The optimized Java grammar
This grammar, based on the optimized Java7 grammar by Terence Parr and Sam Harwell, is meant to parse the latest for the Java language, and is optimized for performance, practical usage, and clarity.
It does not correspond exactly to the Java Language Specification. The java8, java9, and java20 grammars follow the JLS, but are slower that this grammar due to ambiguity and max-k problems in the published JLS EBNF.
This grammar parses the file ManyStringsConcat.java
faster than the unoptimized java grammars. It implements operator precedence
using Antlr4-style alt ordering instead of operator-precedence rules. Thus, it avoids
creating parse trees with long, single-child chains for each string literal constant in
ManyStringsConcat.java.

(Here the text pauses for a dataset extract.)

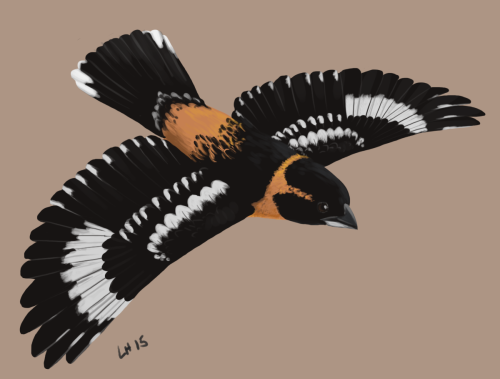 Black-headed Grosbeak (Pheucticus melanocephalus), for The Institute for Bird Populations. In 2014, 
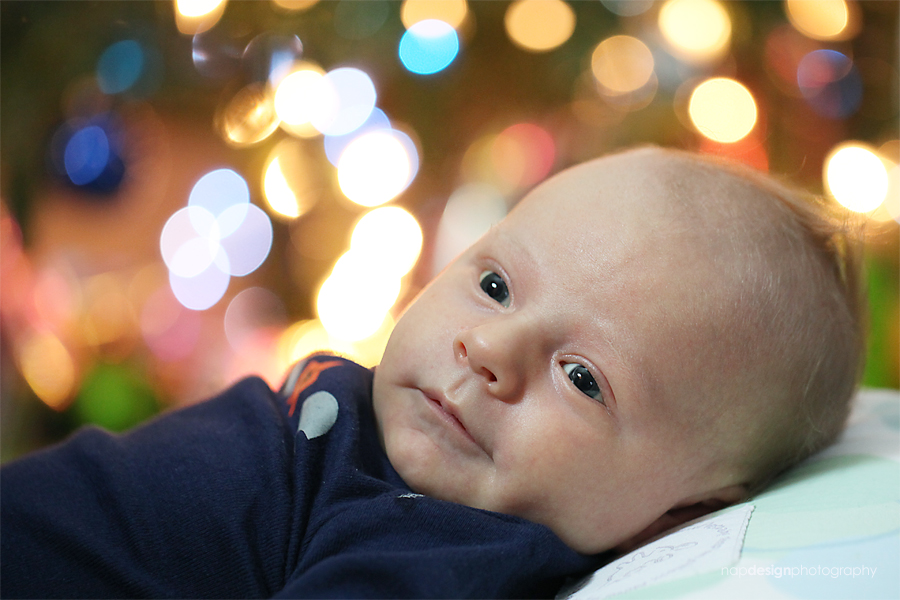 newborn-calvin-9343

In addition, it is faster
because it avoids the large ATN-config set construction in the
AdaptivePredict() parsing engine.
Java Enhancement Proposals (JEP) are not implemented in this grammar.
Currently supported Java version
- Java 24 (latest)
Main contributors
- Terence Parr, 2013
- Sam Harwell, 2013
- Ivan Kochurkin (Positive Technologies), 2017
- Michał Lorek, 2021
Tests
- See examples/
- OpenJDK 24,
src/**/*.java(using Trash trgen to create app, thenfind ~/jdk-jdk-23-ga/src/ -name '*.java' | cygpath -w -f - | ./Test -x)
Benchmarks
Grammar performance has been tested on the following Java projects:
- OpenJDK 24
- Spring Framework
- Elasticsearch
- RxJava
- JUnit4
- Guava
- Log4j
See the benchmarks page for details.
Grammar style
Please use antlr-format and formatting style config to reformat in the coding standard format for the repo.
String literals
Generally, you can use either a string literal or the corresponding lexer rule name
(TOKEN_REF) directly in a parser rule for a token. It makes no difference because the
java/java/ grammar
is a split Antlr4 grammar, and the Antlr Tool prevents you from defining a token using
a string literal in a parser rule (it outputs
cannot create implicit token for string literal in non-combined grammar if you try).

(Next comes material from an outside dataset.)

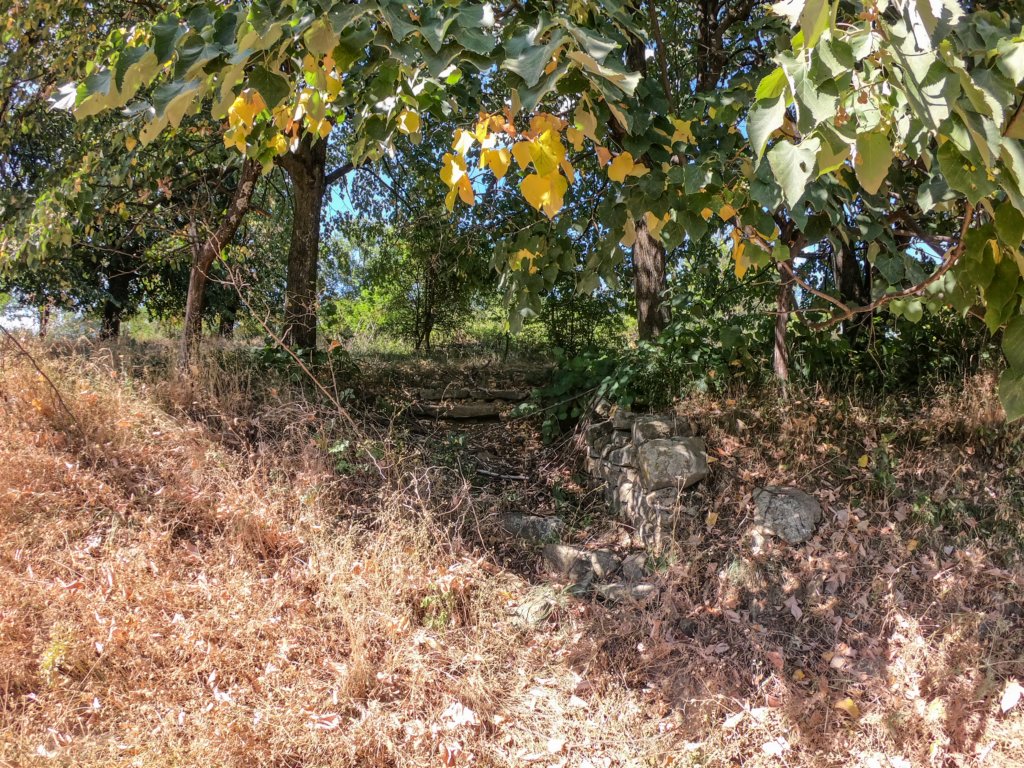 photo41.jpg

When writing an Antlr listener or visitor, use the corresponding lexer rule name for the
string literal used in the parser rule.
Currently, the grammar contains a mixture of string literals and lexer rule names in parser rules. If you want a parser grammar that removes all string literals from parser rules, use Trash trfoldlit. If you want a parser grammar that uses string literals where a lexer rule exists for the string literal, use Trash trunfoldlit.